What You Should Be Thinking About
If you haven’t already, now is the time to discuss with your IT or Information Security team about what they are doing to protect corporate data in this era of mass remote work. Some talking points to arm you for that discussion are:
- Are we requiring VPN for remote employees to connect to corporate networks?
- If so, what devices are allowed to connect via the VPN? Corporate assets? Home computers? If home computers, how do we know those devices are not compromised and could introduce threats to our corporate network?
- Are we utilizing any virtualization technology to enable more secure remote workers? Which product are we using? What is the capacity of the system? Can it handle the demand? Has the ability to copy/paste data from that environment to the employee computer environment been disabled?
- Are we enforcing two-factor authentication on logins to the corporate network?
- What are we doing to enable collaboration with employees? How can they work on documents together in a secure way?
- Are we using any encryption to secure data in transit and at rest?
- How are we tracking who accesses what files from unstructured data repositories like network shares, personal shares, etc? Do we have software that allows auditing of access and copying/moving of files for later remediation?
- Are we issuing clear, actionable guidance to employees to help them remain vigilant?
- How are we informing employees about the risk of ransomware and phishing attacks during these times?
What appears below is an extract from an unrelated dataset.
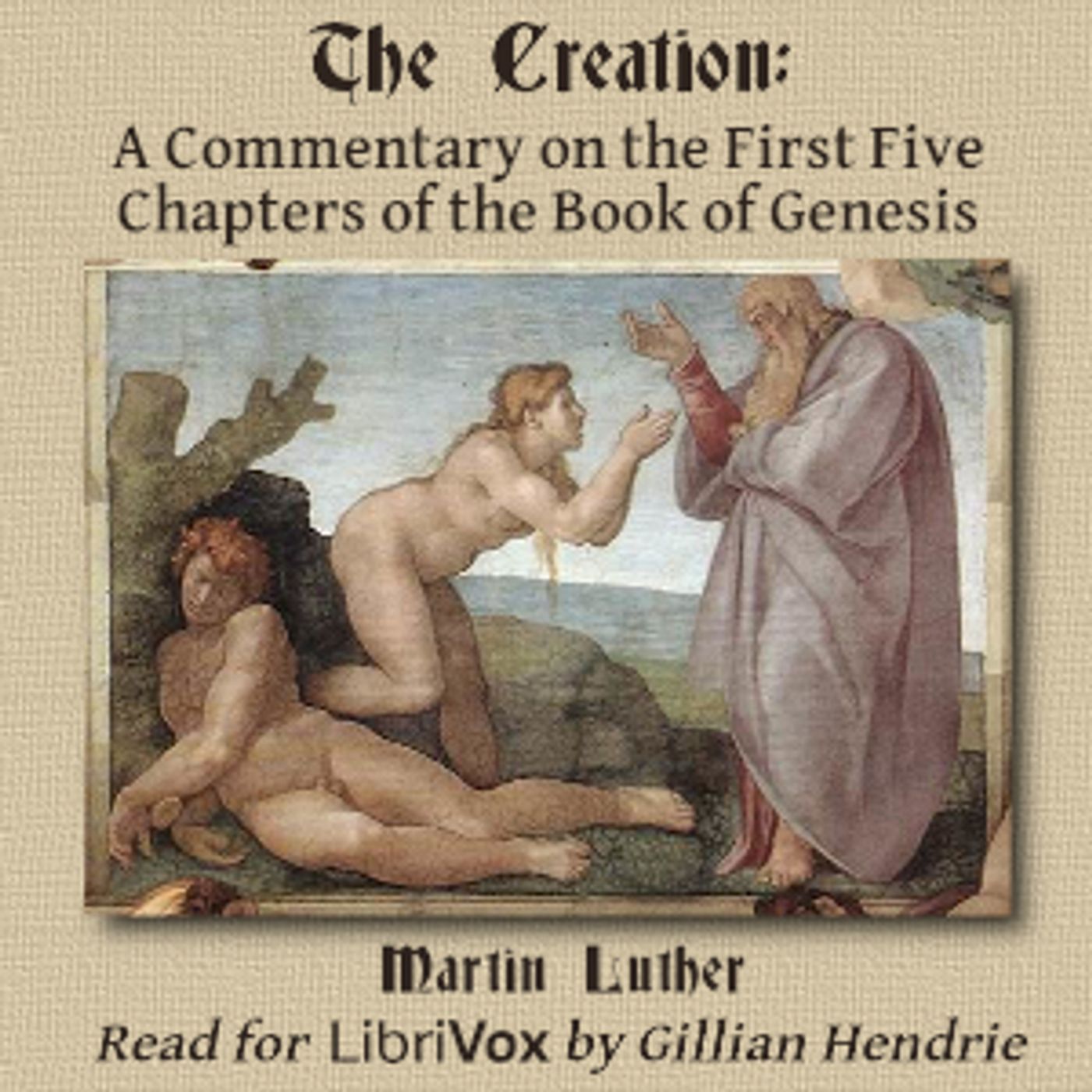 The Creation: A Commentary on the First Five Chapters of the Book of Genesis by Martin Luther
Have we put a warning banner on external email senders’ emails?
- Do we have email security systems in place that will automatically open attachments and analyze whether they are dangerous before allowing the email to be sent along to the recipient employee?
- Do we have cybersecurity training available for our employees that focuses on data protection and cybersecurity while working remotely?
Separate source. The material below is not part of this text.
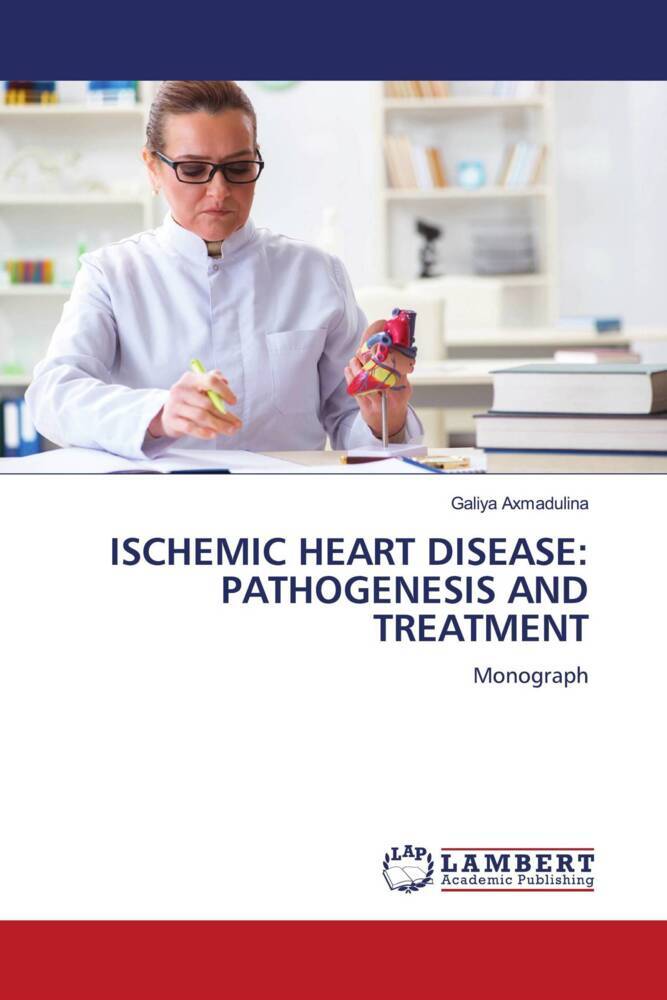 ISCHEMIC HEART DISEASE: PATHOGENESIS AND TREATMENT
- Do we have mobile device management software to prevent employees from loading fake Coronavirus tracking/news apps to their devices?
HIPAA Concerns
If your company has to comply with HIPAA, it is important to remember to implement appropriate safeguards to ensure the privacy and security of PHI. All types of workforce members may be required to work remotely. Therefore, safeguards are necessary for virtually every type of medium, data, and image created for PHI. While it is impossible to eradicate all risks, control can be attained by taking prudent precautions and establishing the required technological and administrative/operational solutions through your company’s policies and procedures
Conclusion
With almost daily changes to work environment and public health recommendations, it is understandable that companies would be scrambling to deploy technology and open network accessibly in the interests of business continuity. However, it is always important to remember that malicious attackers will attempt to take advantage of situations like this when companies may have their guard down. Vigilance now will prevent misery in the future.